Patents in KATI

Why, and how do we analyze patents?

The process of technology foresight using data-based methods is called data driven foresight. With the KATI-system, scientists at Fraunhofer INT have had a system at their disposal for several years that implements this approach in practice. The basis for this is publication data. In the relevant scientific literature, patents are mentioned as another important source of data for technology foresight and innovation management. Our clientele also repeatedly asks for corresponding analyses. But what exactly do we expect from patent analyses? Which questions and use cases should be addressed? And how can patents be integrated into the KATI-system developed at Fraunhofer INT? These are the questions we want to explore in this report.

Why we analyze patents

Patents are a promising source of data because they shed light on technologies in practice: if there are concrete ideas for the application of a technology, there may also be patents. In addition, important insights can be gained about research in companies. More concretely, for example, the market leaders of a technology can be identified, and it can be approximated how much experience a company has in a field. Patent analyses can also be used to make well-founded statements about the maturity of a technology. These and other use cases were identified and sharpened in various projects, workshops and discussions with customers and colleagues. This was flanked by intensive literature research as part of a PhD project – naturally using the in-house KATI-system.

How we handle patent data

In order to perform patent analyses, the data must first be prepared in such a way that it can be processed and analyzed. To this end, the existing architecture of the KATI-system has been extended to include data and analysis options for patents. At first glance, publications and patents may seem quite similar. In both, scientific and technological knowledge is presented, they have an abstract and there is something like an author. However, if you take a closer look, you will notice some decided differences that need to be considered in the data model. For example, in addition to a group of authors (or inventors), patents also have owners, sometimes private individuals, often companies or universities. Furthermore, instead of only one publication date, there are several dates (so-called events), such as the application date or the expected expiration date, which characterize a patent and must be stored in the database. 

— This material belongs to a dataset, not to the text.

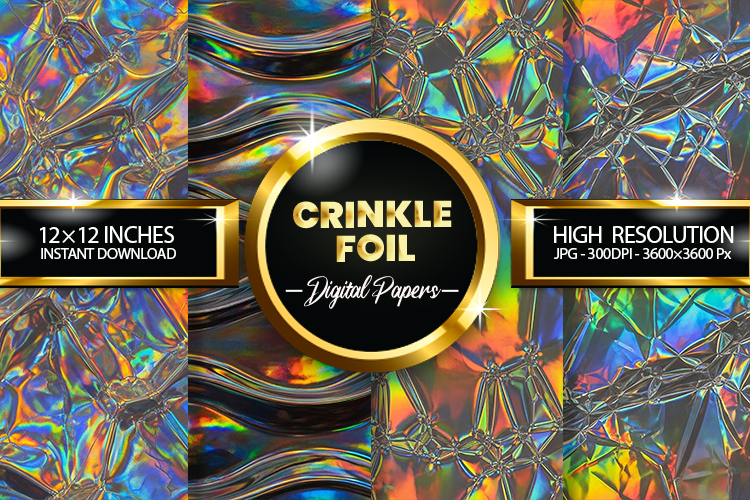 Crinkle Foil Digital Papers - 04 variations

The patent data, like the scientific publications, were stored in a graph database. This facilitates the linking of patents with their metadata, such as inventor or filing date, various institutions and even other patents. The ontology, i.e. the underlying net-like schema with the connections of all data among each other, was modified accordingly. In this case, the cleanliness and timeliness of the data must also be considered, because old and unclean data provide less meaningful analyses. To avoid this, a regular update of the data is performed.

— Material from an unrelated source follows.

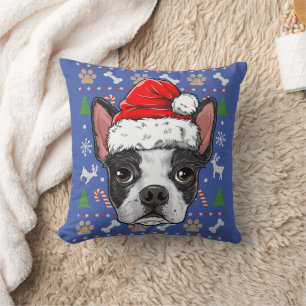 Coussin Cute Boston Terrier Ugly Christmas Sweater Santa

How we provide patent analyses

Finally, the user interface was adapted: the search page was tailored to patents and the analyses were adapted, tested and revised with a view to the new data. The latter in particular will continue to be constantly developed and optimized in the coming years, with the aim of getting the best out of the data and creating well-founded insights for early technology intelligence. The basis for this is formed by the various use cases that have already been identified and which are gradually being addressed and implemented. This continues to be done in close exchange with our collegium in the various business units and their customers. In this way, we are adding another important building block to Fraunhofer INT‘s portfolio of methods in a sustainable and forward-looking manner.